Tax Preparers Are Faced With IRS Penalties – How This Will Affect Clients


The Internal Revenue Code proposes penalties on tax return preparers who prepare returns taking positions that may not be fully supported by the tax laws.  A tax preparer is essentially any person who prepares for compensation, or employs others to prepare for compensation, all or a substantial portion of any tax return or claim for refund.  Obviously, I fit within that definition.


Under the law, if a tax preparer takes an unreasonable position on a return that results in an understatement of tax (no matter the amount), he or she can be subject to a penalty equal to the greater of $1,000 or 50 percent of the fee the preparer received for preparing the return.  In other words, the penalty would be at least $1,000.  As with almost every provision in the tax code, there are exceptions to rules.  Such is the case here.


The general rule states that an undisclosed position taken on a return generally does not constitute an unreasonable position if there is “substantial authority” for it.  There are two exceptions.  First, a disclosed position on a return is not unreasonable if there is a “reasonable basis” (usually viewed as a one in three likelihood of being correct) for taking the position.  Second, if the undisclosed position involves a tax shelter (as defined by law), the preparer is subject to the penalty unless the preparer has a reasonable belief that the position is more likely than not to be sustained on its merits.  The foregoing underscored words are vital in determining the potential application of penalties.  Preparers should assess the appropriate authority for taking tax return positions and act accordingly.

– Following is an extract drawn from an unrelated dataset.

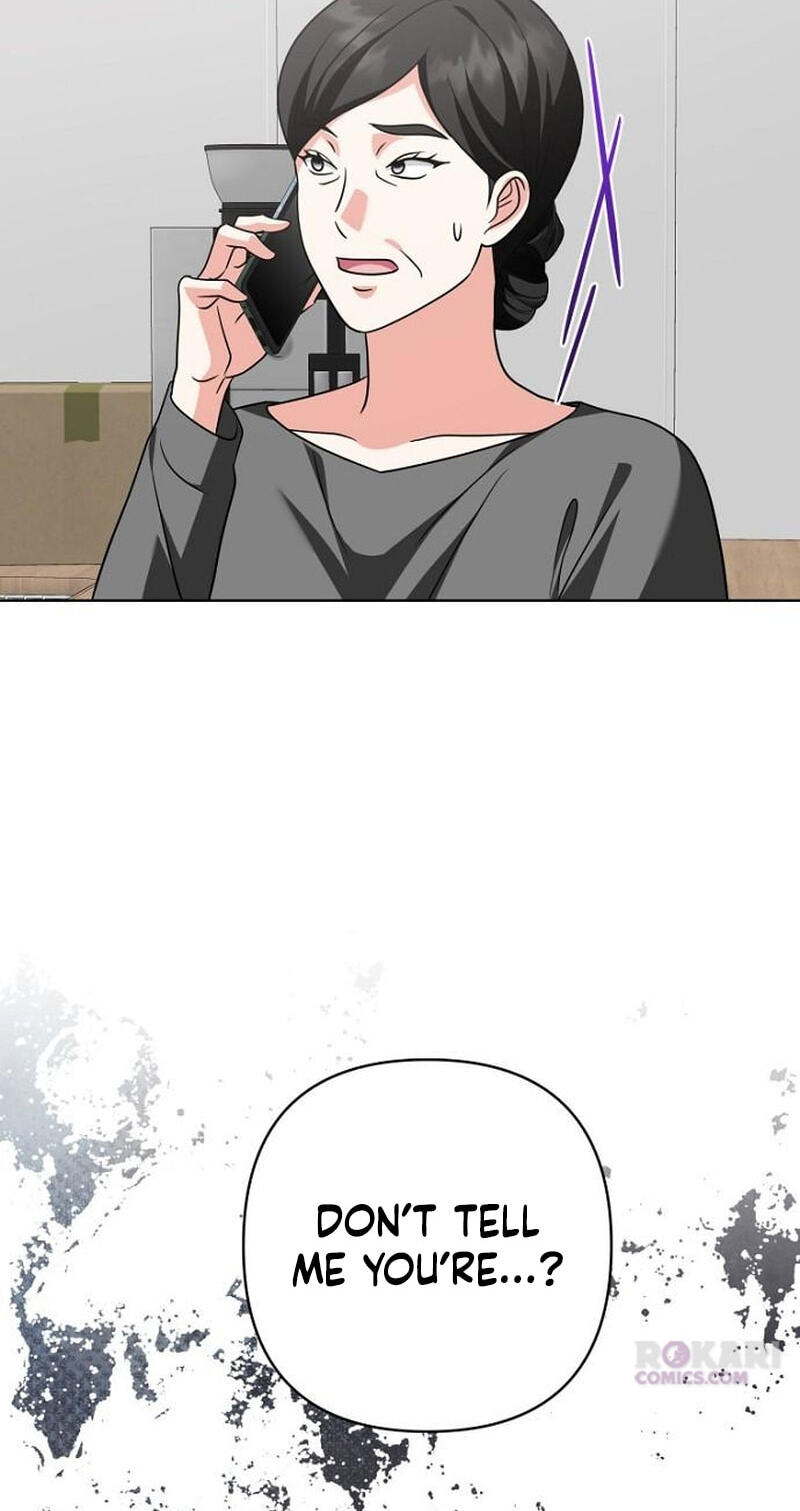My Wife Came to Her Funeral Chapter 51 page 56 - 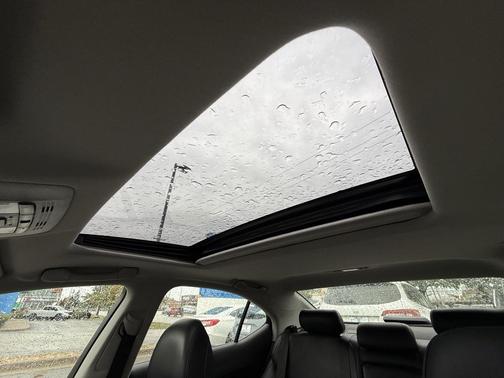 2011 Lexus IS 250 Base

We now know the impact of these provisions on the preparer.  Let me now discuss what the very likely ramifications are to you, the client.  While regulations make it clear that a preparer can generally rely on the information provided by a client in preparing a return, without verification of the data provided, and not be subject to the penalty   However, this does not always let the preparer off the hook. 


The preparer must exercise due care in relying on the information.  That includes such procedures as checklists, methods of obtaining necessary information form clients, a review of the prior year’s return, and other review procedures.  Due care also means that the preparer cannot ignore the implications of the information provided or information actually known by the preparer.  The preparer must make reasonable inquiries if the information presented is incomplete or unclear.  Finally, if the IRS requires that certain documentation be maintained in order to take certain deductions (e.g. automobile, travel and entertainment, or charitable contributions), the preparer must make the appropriate inquiries to be satisfied that the proper documentation does in fact exist.


While the IRS does not expect preparers to audit client information, it does expect them to elicit information from taxpayers that is reasonably necessary to prepare an accurate return.  Therefore, in the coming filing season, you should expect that I, or whoever may be your tax preparer, will be as proactive as deemed appropriate in obtaining the information necessary to properly prepare the returns, even if it means spending more time with clients during the interview or preparation processes.